A coalition of Latino advocacy groups is demanding the city of Garden Grove switch to electing city council members by districts or the groups will ask the courts to require the change.
“The inability of Latino voters to select candidates of their choice is due to racially polarized voting in at-large elections that violate the California Voting Rights Act,” reads a joint letter from the Latino legal rights group MALDEF, the California branch of the League of United Latin American Citizens and local Santa Ana LULAC.
Garden Grove officials have until July 3 to respond to the demand before the group says it will go to court to force the city to make the change.
Garden Grove is the latest Orange County municipality to consider district elections, as a number of cities and districts with large minority populations have started to transition from at-large to by-district elections in anticipation of potential lawsuits.
Moving to a by-district system from one in which council members are elected on an at-large basis is seen as a way for minority and underserved communities to have greater representation on elected bodies.
According to the latest US Census data, 37 percent of Garden Grove’s population is Latino, 37 percent is Asian and 22 percent is white.
“However, none of the five current members of the Garden Grove City Council is Latino, and no Latino candidates have been elected to city council in the last six decades, perhaps longer,” the letter reads.

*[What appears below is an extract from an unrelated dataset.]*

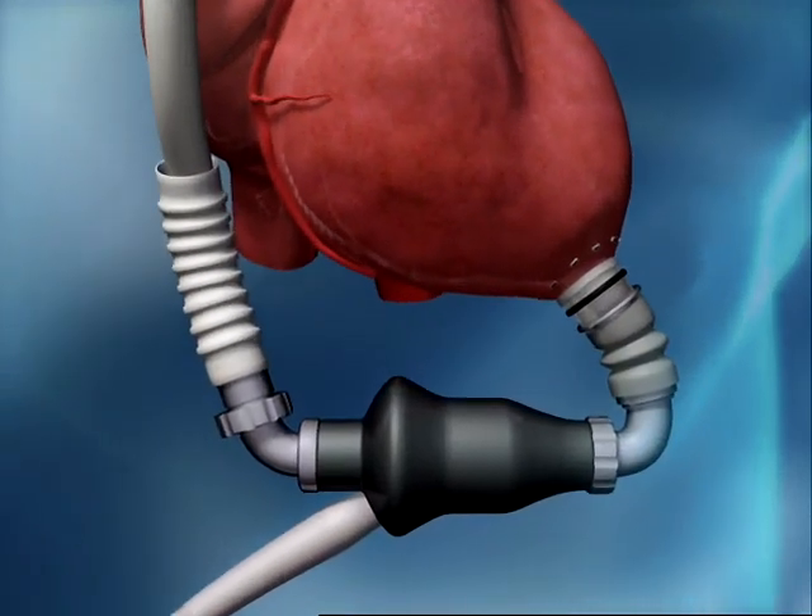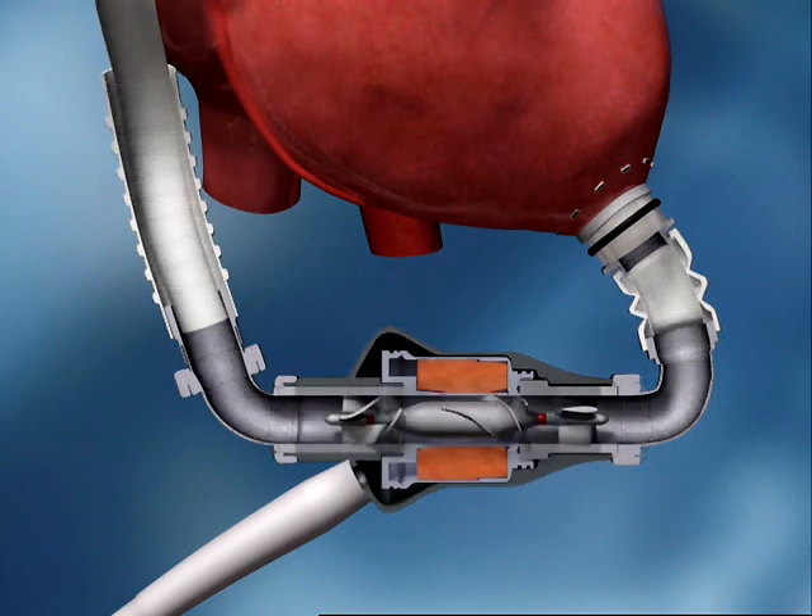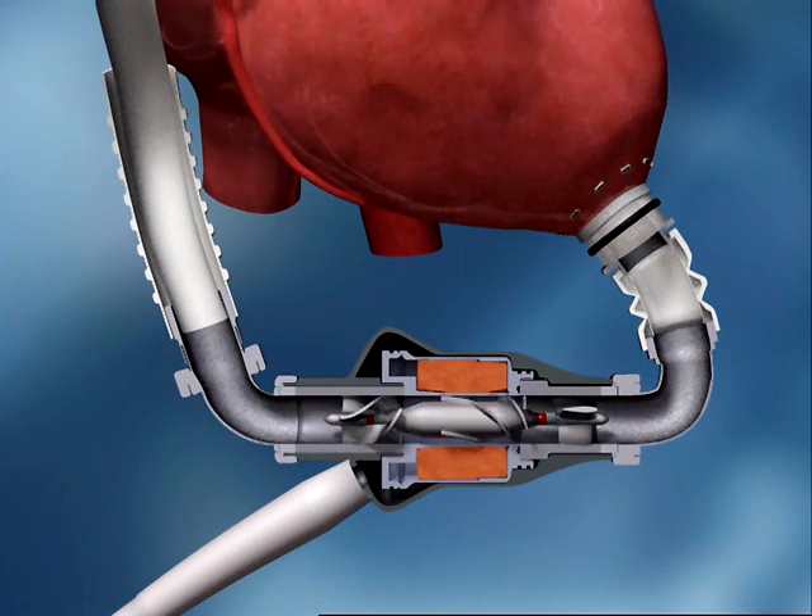60% smaller than currently approved implanted electric pulsatile LVADs and weighing only 400 grams, the HeartMate 2 incorporates precision engineering, a simple design, and 30 years of clinical experience. It is intended for long-term support as a bridge to transplant or for permanent implant known as destination therapy.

The demand letter comes just a week after council member Kris Beard sought support from his colleagues to place district elections on the 2016 general election ballot.
Except for Mayor Bao Nguyen, the rest of the council wasn’t interested in taking action unless there was a substantial legal threat.
This isn’t the first time Garden Grove residents have pushed for district elections.
In 2005, a group of residents collected signatures for an initiative to elect six council members by district and the mayor through an at-large election. The initiative ultimately did not qualify for the ballot.